Stavolta la sua ultima fatica verte su vicende e personaggi legati alla redazione del French Dispatch, supplemento settimanale del quotidiano statunitense Evening Sun di Liberty, Kansas. Quando il direttore muore, i redattori decidono di pubblicare un numero commemorativo, che raccolga tutti gli articoli di successo che il French Dispatch ha pubblicato negli ultimi anni. Tra questi, il film approfondisce tre episodi in particolare: un artista condannato al carcere a vita per un duplice omicidio, un reportage sui moti studenteschi del ’68 e il rapimento di uno chef.
The French Dispatch è un film che gli amanti del cinema di Wes Anderson non potranno non adorare, perché comprende tutti quegli elementi che rendono il suo cinema così unico e speciale.

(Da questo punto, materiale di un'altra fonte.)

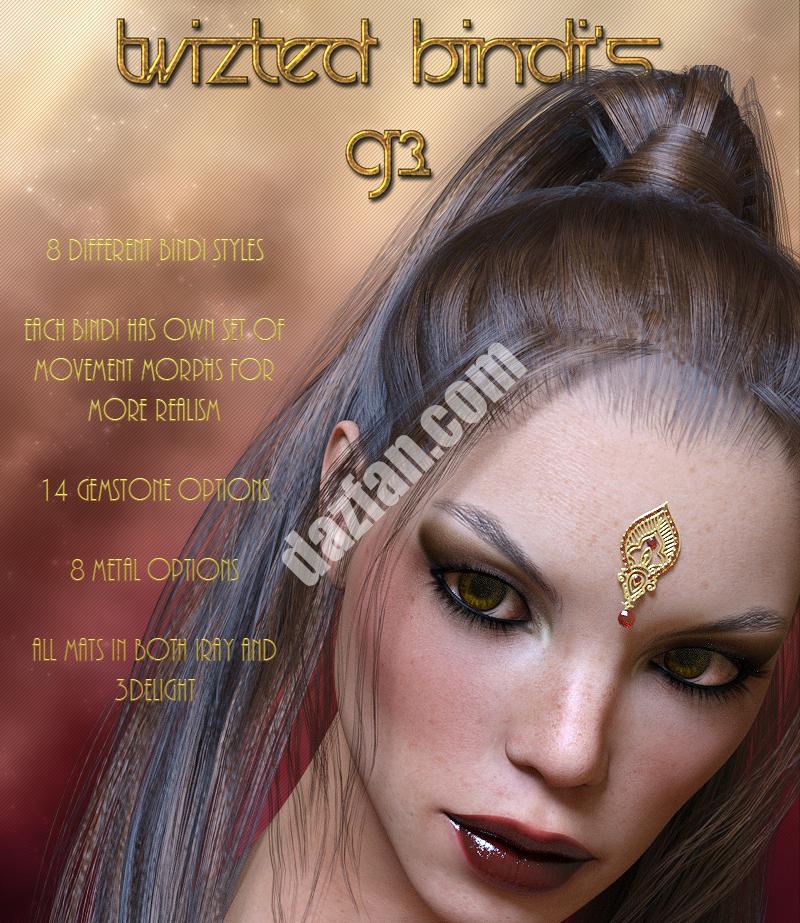 [daz服装] Twizted吉祥痣-DAZ爱好者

Al solito occorrerebbe fermare ogni singola inquadratura per cogliere gli infiniti dettagli che la compongono: Anderson è un regista-pittore, che per minuzia estetica e maniacalità della messa in scena non ha eguali, non solo nel cinema americano.
Il suo universo filmico è fonte inesauribile di storie, personaggi, volti e registri: un cinema denso, soffice come una piuma ma al contempo di grande complessità narrativa e soprattutto formale.
The French Dispatch non fa eccezione, tant’è che ci vorrebbe molto più di una visione per apprezzarlo in tutta la sua stratificata e sovrabbondante bellezza. E’ come se lo spettatore fosse un visitatore alle prese con una città ricca di bellezze: non saprebbe dove posare prima lo sguardo per afferrarle tutte in breve tempo.
Se da una parte il film è un affettuoso omaggio al giornalismo che fu (soprattutto al New Yorker, che per sofisticatezza e ricercatezza ha certamente influenzato il cinema di Anderson), dall’altra racconta storie e personaggi classicamente andersoniani immersi in un universo estetico sempre più innovativo e sperimentale.
Alla consueta ricerca dell’inquadratura e delle geometrie perfette, infatti, Anderson aggiunge l’uso – prolungato ed inatteso – del bianco e nero nonché una coraggiosa quanto spiazzante sequenza animata. Esercizio di stile? Sì, ma sempre di gran classe, supportato da un ritmo incalzante, da dialoghi fittissimi e gustosi e da brillanti rimandi cinefili (Jacques Tati su tutti).
The French Dispatch è come tutti i lavori di Anderson una vera festa per gli occhi a cui abbandonarsi con fiducia e senza riserve. Il regista si conferma, infatti, raffinato illustratore, capace di scatenare la sua fertilissima immaginazione in un tripudio di elaborati e spesso geniali quadri vivant.